Pacific Business News (Honolulu) - June 22, 2007
by Chad Blair
Thousands of techies hunched over their laptops at the Hawaii Convention Center is a sign to Joe Davis that a marketing strategy to attract major groups like engineering associations is paying off.
Providing free Internet access upon request is just part of an overall strategy to seek new business and nurture repeat bookings, said Davis, general manager of SMG, which manages and markets the center. He calls 2007 "a banner year" for engineering conferences in Honolulu, a rare bright spot in a market that has been soft in Hawaii and on the Mainland.
From February of this year through May 2008, at least 10 engineering or tech-related groups with an estimated 21,000-plus attendees either have held meetings or booked convention space at the center. That compares with three similar groups and 8,000 delegates from July 2005 through all of 2006.
The laptop scene happened at the center in early June, at the Institute of Electrical and Electronics Engineers' international microwave symposium. Between meetings, practically the only sound to be heard outside the ground-floor exhibition hall and the third-floor meeting rooms was the clackity clack of fingers on keyboards.
"It was great to be able to keep in touch with my home office," said Mali Mahalingam, who manages a business called Freescale Semiconductor in Tempe, Ariz. "Free broadband is not commonplace yet. I commend the center for providing it."
The IEEE's acoustic speech and signal-processing branch brought 2,000 to the convention center in April, while its electromagnetic compatibility society branch will bring 1,500 next month.
It's not just the convention center.
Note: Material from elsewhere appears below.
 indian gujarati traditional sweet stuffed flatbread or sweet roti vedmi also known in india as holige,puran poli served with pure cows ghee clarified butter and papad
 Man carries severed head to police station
An IEEE neural engineering symposium met at The Fairmont Orchid on the Big Island's Kohala Coast in early May, while IEEE held an antennas and propagation symposium at the Sheraton Waikiki in mid-June.
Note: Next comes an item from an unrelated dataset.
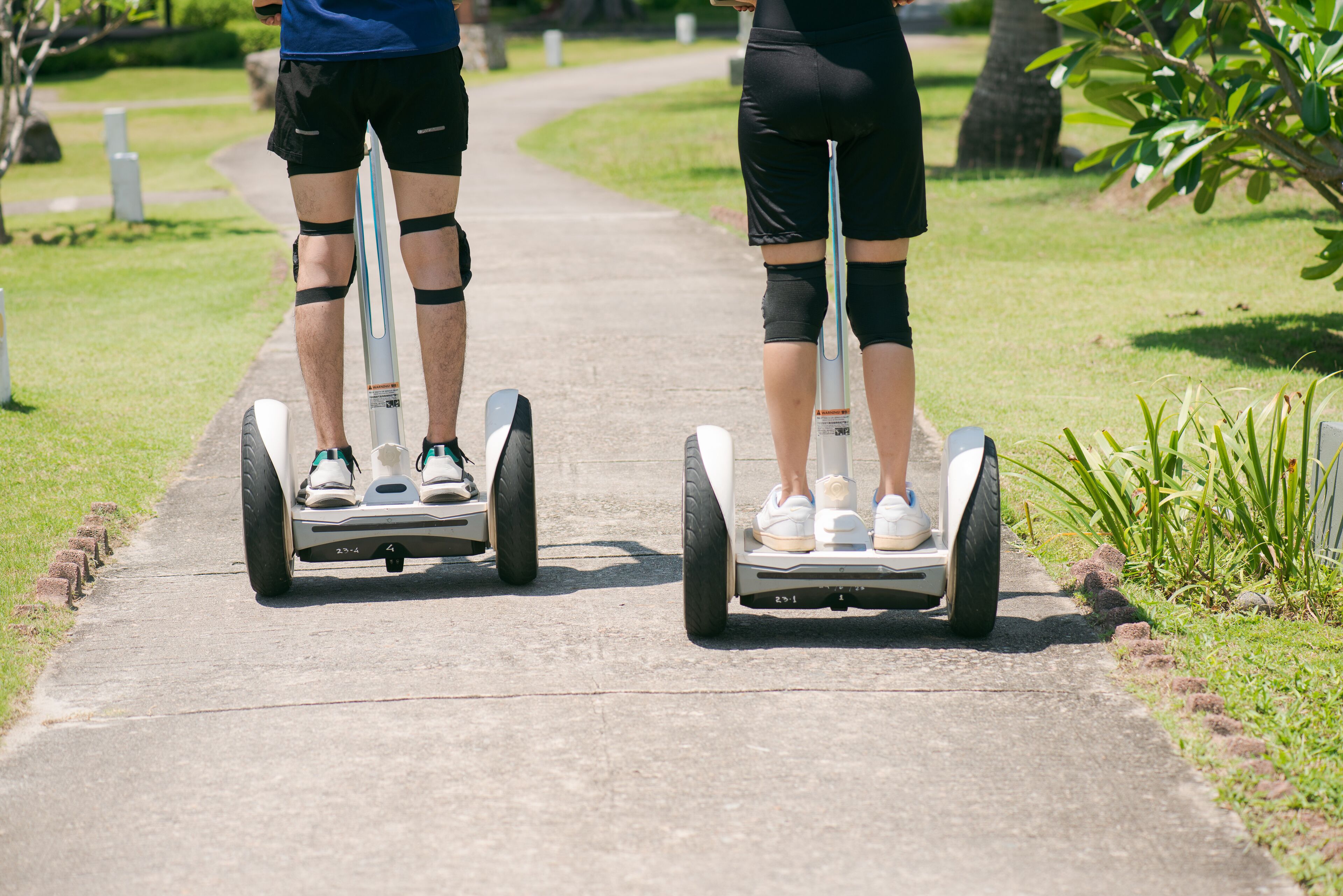 Two people on segways on a paved path in a park.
Wayne Shiroma, an engineering professor at the University of Hawaii at Manoa who was chairman of the microwave conference, said the recent spate of conferences brings a new dimension to how UH can serve as an economic engine for the state.
"Not only can UH increase the work force and produce technological innovations, but that bolsters Hawaii's top industry, tourism," he said.
Peter Crouch, dean of the UH engineering school, echoed that view.